Auréolées de ses succès et de ses applications pratiques, les lois électromagnétiques se sont imposées à la communauté scientifique. Le modèle dans lequel elles étaient définies a aussi rapidement été oublié. Tout en les utilisant, les scientifiques ont vite abandonné l’idée d’un fondement mécanique aux phénomènes électromagnétiques. Les lois de Marwell sont en fait devenues des principes à partir desquelles s’est développée la science moderne. Le même phénomène s’est produit avec la physique de Newton. Ses lois ont été abondamment utilisées alors que leurs fondements ont été vite oubliés. Leurs succès les ont validées au point qu’elles sont devenues des vérités allant de soi jusqu’au jour où la science vient ébranler nos certitudes




Cependant, dès le départ, les lois de Marwell ont posé une réelle difficulté aux scientifiques. Si les phénomènes électromagnétiques se propagent en effet sous forme d’onde, il faut bien un milieu qui porte et transmet ces ondes. Sans air, il n'y point de son ; sans étendue d'eau, point d'onde. Il faut nécessairement un médium qui transmet la propagation de l'onde. Nous retrouvons la fameuse idée de l’éther. Les lois de Marwell imposent donc l’existence de l’éther sans lequel les ondes électromagnétiques ne pourraient se propager. Or s’il existait, il comporterait des caractéristiques étranges. L’éther se comporterait en effet comme un milieu subtil qui remplirait tout l’espace et pourtant se comporterait comme s’il était absent. Des expériences sont montées pour le détecter mais en vain, elles échouent toutes.

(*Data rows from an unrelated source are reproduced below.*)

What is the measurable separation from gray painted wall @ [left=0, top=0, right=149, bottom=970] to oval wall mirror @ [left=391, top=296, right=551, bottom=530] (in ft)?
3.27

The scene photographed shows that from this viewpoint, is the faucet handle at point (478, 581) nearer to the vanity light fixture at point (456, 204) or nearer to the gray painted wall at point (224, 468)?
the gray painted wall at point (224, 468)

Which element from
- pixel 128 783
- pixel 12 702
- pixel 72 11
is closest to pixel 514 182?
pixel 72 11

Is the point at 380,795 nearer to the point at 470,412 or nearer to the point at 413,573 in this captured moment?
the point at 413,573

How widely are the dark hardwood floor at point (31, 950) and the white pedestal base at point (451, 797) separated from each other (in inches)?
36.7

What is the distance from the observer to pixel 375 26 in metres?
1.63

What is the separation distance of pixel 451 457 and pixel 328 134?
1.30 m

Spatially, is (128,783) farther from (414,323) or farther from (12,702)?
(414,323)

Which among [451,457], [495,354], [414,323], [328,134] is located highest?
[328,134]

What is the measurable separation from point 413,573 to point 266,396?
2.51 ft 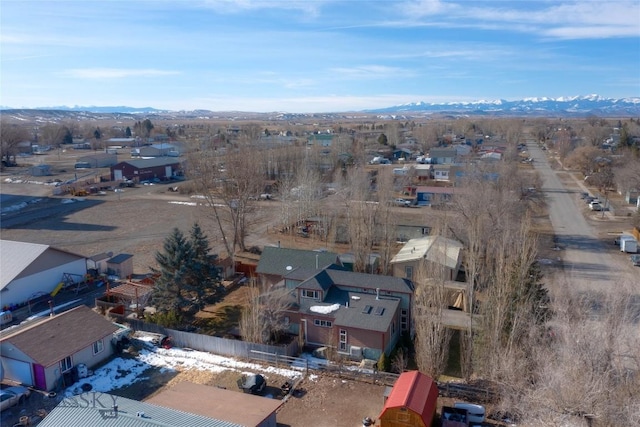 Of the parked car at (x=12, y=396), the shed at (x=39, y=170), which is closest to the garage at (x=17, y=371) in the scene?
the parked car at (x=12, y=396)

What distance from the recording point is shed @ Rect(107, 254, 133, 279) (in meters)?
27.1

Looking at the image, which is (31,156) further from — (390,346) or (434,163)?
(390,346)

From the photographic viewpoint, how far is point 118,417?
11.8m

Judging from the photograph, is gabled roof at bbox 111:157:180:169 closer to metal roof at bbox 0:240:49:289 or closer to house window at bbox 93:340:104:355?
metal roof at bbox 0:240:49:289

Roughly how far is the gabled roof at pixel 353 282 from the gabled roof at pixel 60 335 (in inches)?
320

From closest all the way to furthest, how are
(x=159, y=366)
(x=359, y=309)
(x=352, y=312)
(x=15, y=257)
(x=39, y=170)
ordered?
(x=159, y=366) → (x=352, y=312) → (x=359, y=309) → (x=15, y=257) → (x=39, y=170)

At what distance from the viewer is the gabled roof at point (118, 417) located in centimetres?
1160

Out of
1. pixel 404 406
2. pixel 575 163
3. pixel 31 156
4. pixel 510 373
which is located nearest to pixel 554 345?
pixel 510 373

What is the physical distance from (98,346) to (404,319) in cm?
1223

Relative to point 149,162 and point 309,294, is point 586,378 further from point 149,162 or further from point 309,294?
point 149,162

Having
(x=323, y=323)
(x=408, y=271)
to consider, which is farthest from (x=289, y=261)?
(x=408, y=271)

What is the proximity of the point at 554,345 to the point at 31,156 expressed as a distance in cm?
9774

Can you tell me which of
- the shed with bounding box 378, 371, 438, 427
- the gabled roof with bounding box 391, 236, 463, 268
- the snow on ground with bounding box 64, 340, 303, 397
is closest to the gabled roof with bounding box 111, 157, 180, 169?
the gabled roof with bounding box 391, 236, 463, 268

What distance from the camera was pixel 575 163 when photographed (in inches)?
2665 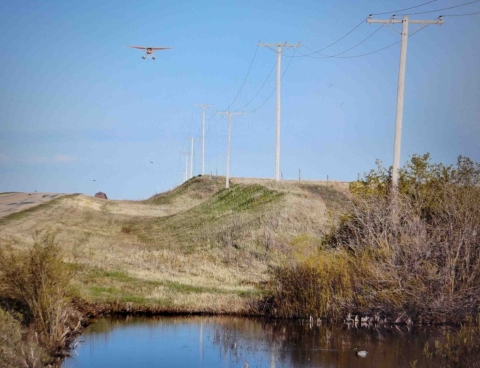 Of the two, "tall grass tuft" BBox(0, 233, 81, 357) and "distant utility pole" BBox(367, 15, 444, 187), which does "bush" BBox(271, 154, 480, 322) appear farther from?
"tall grass tuft" BBox(0, 233, 81, 357)

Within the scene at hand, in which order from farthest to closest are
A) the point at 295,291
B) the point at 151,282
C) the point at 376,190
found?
the point at 151,282, the point at 376,190, the point at 295,291

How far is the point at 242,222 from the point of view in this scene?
46.6m

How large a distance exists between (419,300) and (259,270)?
564 inches

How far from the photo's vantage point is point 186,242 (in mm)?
46375

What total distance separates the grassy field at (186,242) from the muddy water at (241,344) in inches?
93.2

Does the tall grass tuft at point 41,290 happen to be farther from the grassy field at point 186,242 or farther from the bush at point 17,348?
the grassy field at point 186,242

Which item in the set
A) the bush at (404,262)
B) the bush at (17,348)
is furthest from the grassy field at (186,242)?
the bush at (17,348)

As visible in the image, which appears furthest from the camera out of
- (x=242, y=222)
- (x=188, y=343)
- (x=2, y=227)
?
(x=242, y=222)

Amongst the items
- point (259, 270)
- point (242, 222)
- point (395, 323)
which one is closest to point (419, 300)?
point (395, 323)

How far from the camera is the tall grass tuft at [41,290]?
17.3m

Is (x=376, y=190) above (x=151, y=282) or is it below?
above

Les lois de Maxwell posent aussi d’autres problèmes aux scientifiques. Elles s’opposent en effet à la théorie de la relativité définie par Galilée, le fondement même de la physique …

La théorie de la relativité de Galilée


Galilée (1564-1642)
Contrairement à ce que nous pensons naïvement, la notion de relativité n’est pas nouvelle. Elle a été formellement définie par Galilée u XVIIe siècle. Elle traduit ce que nous voyons dans notre vie quotidienne.

Depuis Galilée en effet, nous ne pouvons pas parler de mouvement sans référentiel, c’est-à-dire sans définir le point de vue à partir duquel nous observons un mouvement. Une personne assise dans un train est immobile par rapport au conducteur du train alors qu’elle file à des centaines de kilomètres à l’heure pour un observateur immobile sur le quai de la gare regardant passer le train. De même, ancrés sur la Terre, nous pouvons dire que l’univers tourne autour de la Terre alors que si nous sommes dans l’espace, nous observerons une autre réalité. Ce sont deux observations d’un même phénomène mais vu selon deux points de vue ou encore deux référentiels différents. La description d’un mouvement, c’est-à-dire son observation, dépend du référentiel dans lequel on l’observe. Tout mouvement est donc relatif. 

Définissons deux termes importants. Un mouvement est dit uniforme rectiligne lorsque sa vitesse est constante et sa trajectoire est une ligne droite. Un référentiel peut être en mouvement par rapport à un autre. deux référentiels sont dit inertiels s'ils sont en mouvement uniforme rectiligne l'un par rapport à l'autre.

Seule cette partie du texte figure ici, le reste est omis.